Aside from class assignments, I cannot currently write poetry. But there was a time when I could. When my adolescent and young adult demons where well fed and I struggled to find myself. This past weekend, my husband and I went through our basement and years of boxes we have packed around our adult lives from houses, cities, states, and failed relationships. I stumbled upon letters from my father (another post for another time), letters from my husband when we were deployed to two different countries, and old poems I had written many lifetimes ago that I would like to share.
I am not sure who this poem is about, but goodness I was in a horrible place.
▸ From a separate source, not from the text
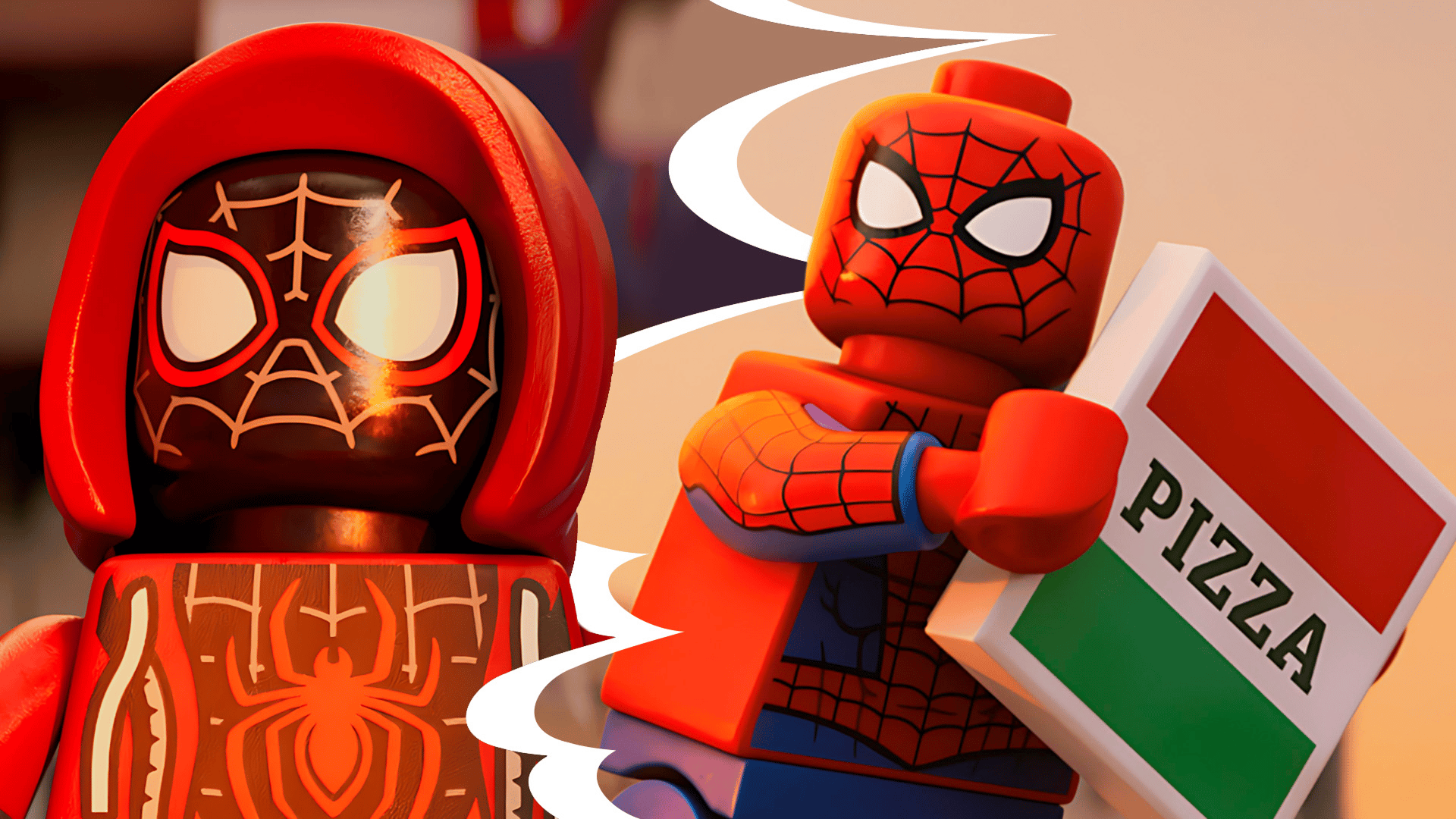 Marvel_Fanzone_CTA.png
I hate the way you love me
The way you feed on my misery
Thirsting for my tears and sweat that fall to the ground, watering the garden of your ego
I am your accessory
I smile for your convenience
Standing on a pedestal you placed me on to drink freely on the attention from other men.
I cannot leave you.
You have taken all from me.
I cannot breathe without you.
Yet when you sleep, I am alone again.
You hurt me when you tore down my walls
I cry when you touch me.
I kept you at arms length, but you still broke through.
It’s not okay. I’m not okay.
What you have taken from me, I can never give again.
But still you ask for more… more…
I only have but one soul.
Now I am a ghost who sleeps in your bed
A memory of who I used to be and who you tell people I am.